Ilse Aichingers Feuilletons „Unglaubwürdige Reisen“

Von: KLAUS HAMMER - © Die Berliner Literaturkritik, 29.11.05

 

Mit ihren „Unglaubwürdigen Geschichten“ stellt Ilse Aichinger einen neuen Typus des Reisefeuilletons vor. Während dreier Jahre - vom Attentat auf die New Yorker Zwillingstürme bis zum Literasturnobelpreis für Elfriede Jelinek - begibt sie sich im Wiener Kaffeehaus des k. und k. Hofzuckerbäckers Demel auf Reisen. Sie verbringt den ganzen Vormittag dort bis zum Kinobesuch am späten Nachmittag. Sie liest und gibt sich Erinnerungen hin, sie zitiert und beschreibt, erzählt Geschichten, bis irgendwann, bei einem nebensächlichen Detail, der Funke vom Fremden, Abseitigen zum Eigenen, Unerwarteten springt.
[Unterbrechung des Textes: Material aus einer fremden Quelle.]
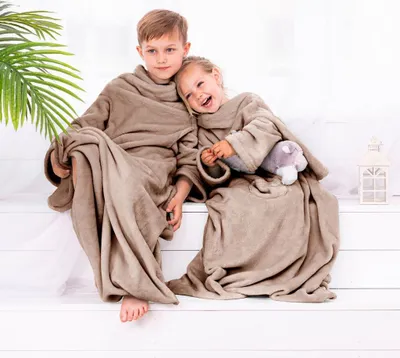 Produktbild von Ärmeldecke Lazykids für Kinder - Kuscheldecke mit Ärmeln, Farbe:Beige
Denn Erinnerung stellt sich nicht auf Befehl ein, nicht chronologisch und flächendeckend, schreibt Simone Fässler in ihrem Vorwort.
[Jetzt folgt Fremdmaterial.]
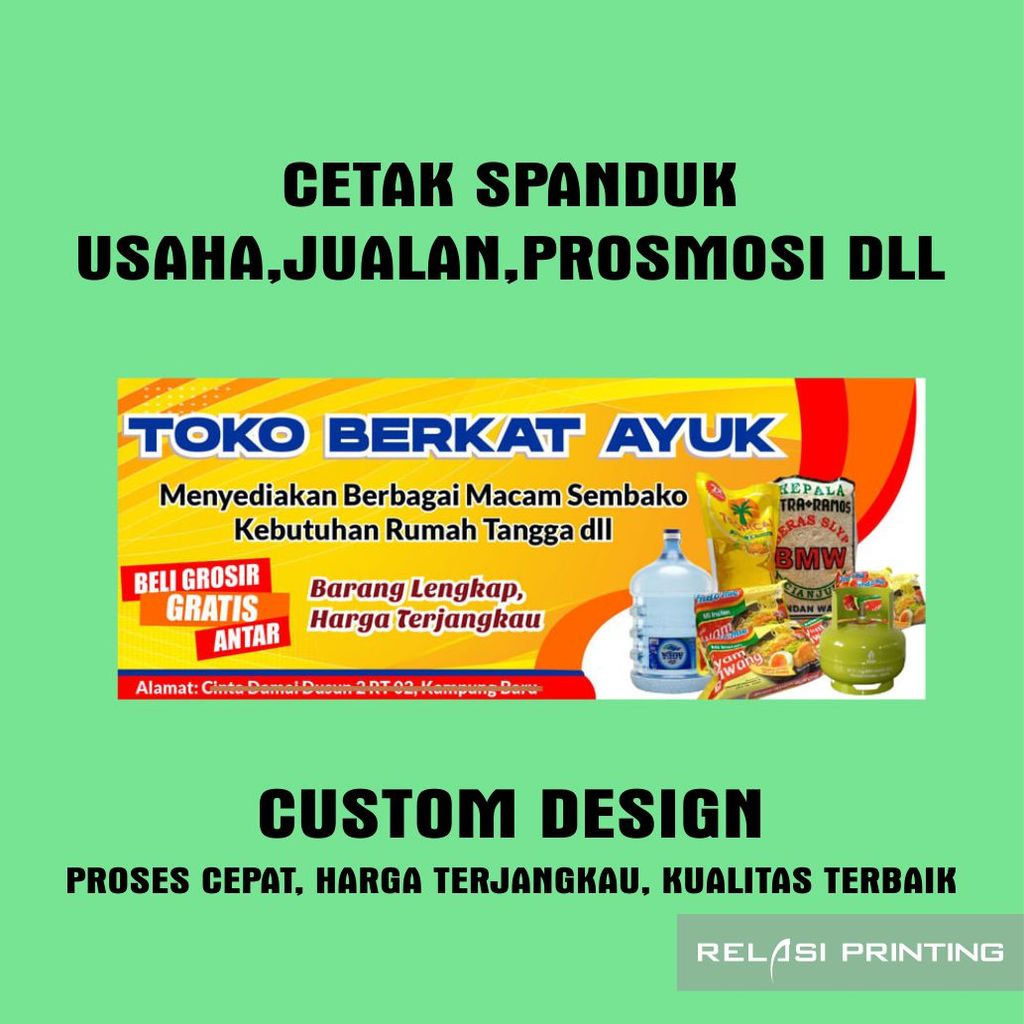 CETAK SPANDUK 1 HARI JADI  SPANDUK JUALAN  SPANDUK PROMOSI  MMT JUALAN  SPANDUK TOKO  MMT TOKO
Jeweils donnerstags verfasst Ilse Aichinger während dieser drei Jahre am Kaffeehaustisch für die Wiener Tageszeitung „Der Standard“ ein Reisefeuilleton. Reisen heißt für die Autorin im alltäglich Gewohnten zu bleiben - Reisen in die Geschichte, Begegnungen durch die Zeiten hindurch, Erinnerung also. Zu den öffentlichen Ereignissen 2001 und 2004, die den Rahmen ihres neuen Erzählbandes bilden, gesellen sich zwei persönliche Zäsuren hinzu – Aichingers Oberschenkelhalsbruch und ihr anschließender Krankenhausaufenthalt und der Tod ihres Lebensgefährten, des Literaturwissenschaftlers und Kritikers Richard Reichensperger. Er war es gewesen, der sie nach jahrelangem Schweigen wieder zum Schreiben veranlasst hatte.

In aller Herren Länder

In alle Himmelsrichtungen, Länder und Orte können die „unglaubwürdigen Reisen“ führen. Vor die Haustür, in den nächsten Wiener Bezirk oder bis in den Kaukasus und nach Shanghai. England ist das eigentliche Sehnsuchtsziel. Hier lebt die Zwillingsschwester Helga, seit sie 1939 mit einem der letzten Kindertransporte aus Österreich ausreisen konnte. Ilse Aichinger ist Halbjüdin. Während des Krieges war sie dienstverpflichtet. Ihre Verwandten mütterlicherseits waren rassischen Verfolgungen ausgesetzt oder starben in den Vernichtungslagern. 1949 erkämpfte sie sich eine Reise nach England, zu ihrer Zwillingsschwester, die eine Schriftstellerin in englischer Sprache geworden war.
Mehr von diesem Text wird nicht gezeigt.